#### DATASET CONTENT:
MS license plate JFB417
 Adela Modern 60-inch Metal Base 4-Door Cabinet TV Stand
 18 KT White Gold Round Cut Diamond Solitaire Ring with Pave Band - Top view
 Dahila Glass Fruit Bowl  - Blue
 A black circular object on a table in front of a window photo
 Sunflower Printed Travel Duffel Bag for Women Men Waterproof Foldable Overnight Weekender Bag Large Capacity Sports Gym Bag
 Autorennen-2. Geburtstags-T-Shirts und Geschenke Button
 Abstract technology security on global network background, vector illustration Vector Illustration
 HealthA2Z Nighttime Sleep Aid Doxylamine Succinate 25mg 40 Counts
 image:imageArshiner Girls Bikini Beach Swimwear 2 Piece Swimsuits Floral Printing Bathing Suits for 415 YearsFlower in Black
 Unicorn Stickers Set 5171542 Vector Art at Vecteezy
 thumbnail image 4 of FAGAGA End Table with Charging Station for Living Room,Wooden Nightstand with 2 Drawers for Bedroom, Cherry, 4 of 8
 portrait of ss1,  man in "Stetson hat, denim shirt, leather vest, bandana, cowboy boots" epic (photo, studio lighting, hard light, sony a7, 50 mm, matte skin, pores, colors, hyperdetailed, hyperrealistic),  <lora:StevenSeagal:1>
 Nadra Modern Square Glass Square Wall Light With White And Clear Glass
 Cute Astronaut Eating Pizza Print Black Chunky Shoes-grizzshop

#### DIRECTIONS FOR THIS TASK:
Copy out each line of the material above, word for word, from the first down to the line containing "Autorennen-2. Geburtstags-T-Shirts und". Add nothing.

#### ANSWER TO THIS PROBLEM:
MS license plate JFB417
 Adela Modern 60-inch Metal Base 4-Door Cabinet TV Stand
 18 KT White Gold Round Cut Diamond Solitaire Ring with Pave Band - Top view
 Dahila Glass Fruit Bowl  - Blue
 A black circular object on a table in front of a window photo
 Sunflower Printed Travel Duffel Bag for Women Men Waterproof Foldable Overnight Weekender Bag Large Capacity Sports Gym Bag
 Autorennen-2. Geburtstags-T-Shirts und Geschenke Button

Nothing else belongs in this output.